COLLECTED MATERIAL:
----

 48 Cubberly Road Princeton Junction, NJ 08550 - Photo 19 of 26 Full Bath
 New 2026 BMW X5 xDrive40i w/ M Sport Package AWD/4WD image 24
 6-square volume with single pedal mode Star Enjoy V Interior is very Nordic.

----

The data above needs retyping. Reproduce each line exactly.

SOLVED PROBLEM:
 48 Cubberly Road Princeton Junction, NJ 08550 - Photo 19 of 26 Full Bath
 New 2026 BMW X5 xDrive40i w/ M Sport Package AWD/4WD image 24
 6-square volume with single pedal mode Star Enjoy V Interior is very Nordic.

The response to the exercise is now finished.